Cœur colonial. Jakarta est tellement vaste et étendue que son petit cœur historique, appelé Kota Tua, semble insignifiant. Il date du XVIIIème siècle quand la Compagnie hollandaise des Indes Orientales (VOC) tirait profit des richesses en épices du pays. Celles-ci valaient de l’or à cette époque en Europe. Dans ce vestige d'un empire, j'ai ressenti la même impression que dans les anciens comptoirs coloniaux que j’ai visités dans le monde et qui ont gardé mémoire de la Hollande. Que ce soit à Gorée (Sénégal) que les hollandais appelaient "Goede Reede" ou "bonne rade", dans la région du Cap en Afrique du Sud, à l’île Maurice ("Mauritius" est un nom hollandais), à Malacca en Malaisie ou au Suriname (ex Guyane hollandaise) en Amérique du sud.
Mais Java n’avait pas attendu les hollandais pour exister. Les écrits du moyen-âge montrent qu’à l’époque préislamique l’île, partagée entre plusieurs royaumes, était prospère et commerçait avec toutes les puissances d’Asie. Hormis dans le Musée National, il ne reste plus beaucoup de traces de Kalapa ("noix de coco" en soundanais, la langue locale), premier nom connu de la ville et débouché portuaire d’un royaume hindouiste.
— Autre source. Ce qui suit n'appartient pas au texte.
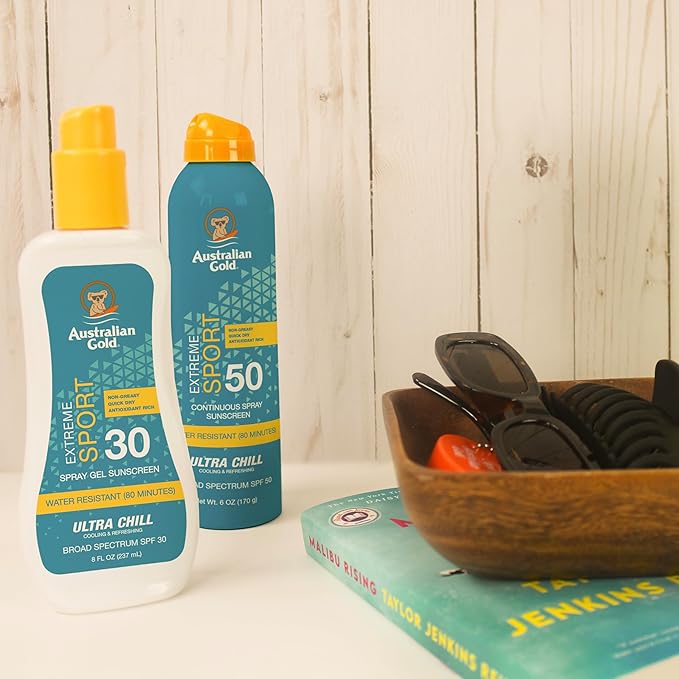 Australian Gold Extreme Sport Spray Gel Sunscreen SPF 30, 8 Ounce | Broad Spectrum | Sweat & Water Resistant | Non-Greasy | Oxybenzone Free | Cruelty Free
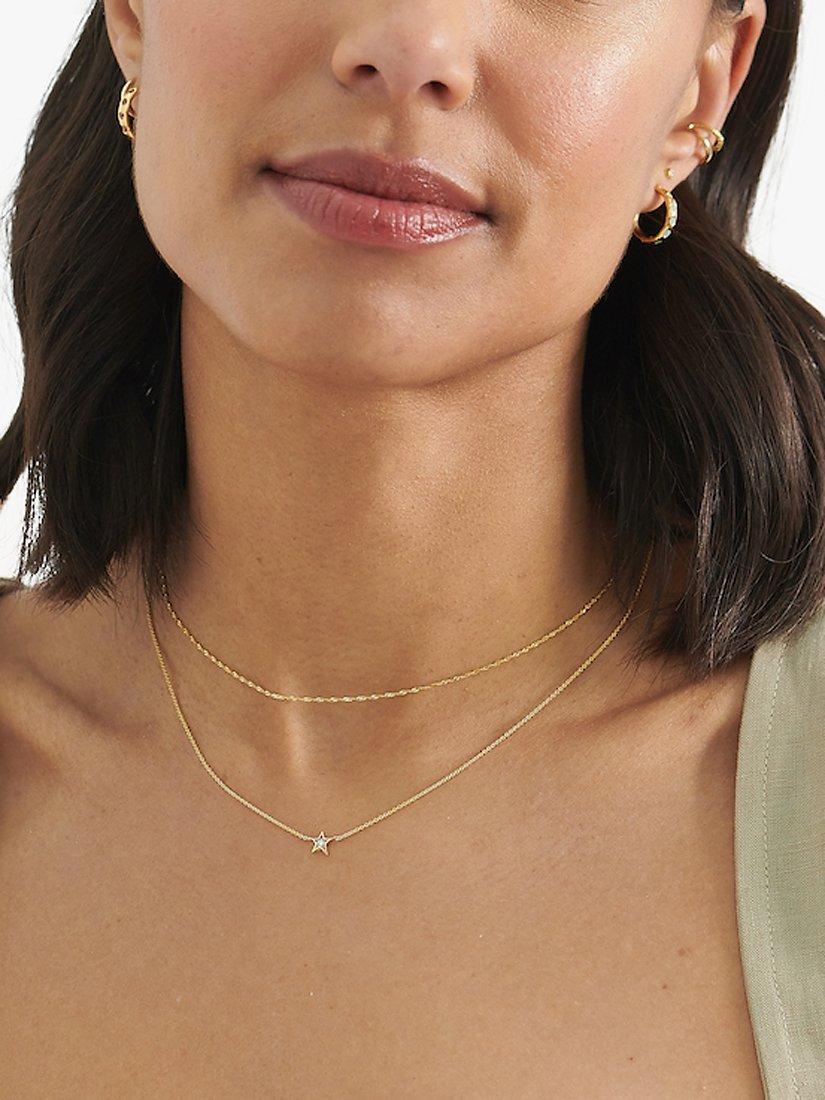 Product image 3 of 5, which shows Edge of Ember 14ct Gold Diamond Star Pendant Necklace, Yellow Gold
Au début du XVIème siècle, les portugais y construisirent un fortin. Mais quelques années plus tard seulement un prince local, Fatahillah, reconquiert la place et la renomme Jayakarta ("victoire"). Les hollandais s’en emparent en 1619, la rebaptisent Batavia, un nom importé de chez eux, pour la garder plus de 300 ans, jusqu’en 1945.
C’est Fatahillah qui est revenu et a donné son nom au musée qui occupe aujourd’hui l’ancien Stadhuis (hôtel de ville hollandais) de Jakarta (ancien nom de la ville retrouvé après l’indépendance). Une guide indonésienne fait découvrir ce musée avec passion. Ce majestueux bâtiment date de 1710. C’est sans doute celui que connurent le navigateur français Bougainville quand il fit escale à Batavia en 1769, puis l’anglais James Cook un an plus tard. Mais tous deux y perdirent de nombreux hommes d’équipage à cause des fièvres. J’ai pris en photo le mot hollandais "gouverneurskantoor" ou "bureau du gouverneur" qui domine encore l’entrée du bâtiment.
Le plancher grince toujours dans les hautes pièces volumineuses de cet ancien palais. Hormis un escalier qui se donne des faux airs chinois, le reste c'est à dire le mobilier pompeux et tarabiscoté, les costumes des personnages et les peintures semble plutôt sortir de l’arrière-plan d’une toile de Rembrandt. Par les fenêtres on domine une immense place, la place Fatahillah où jouent des enfants.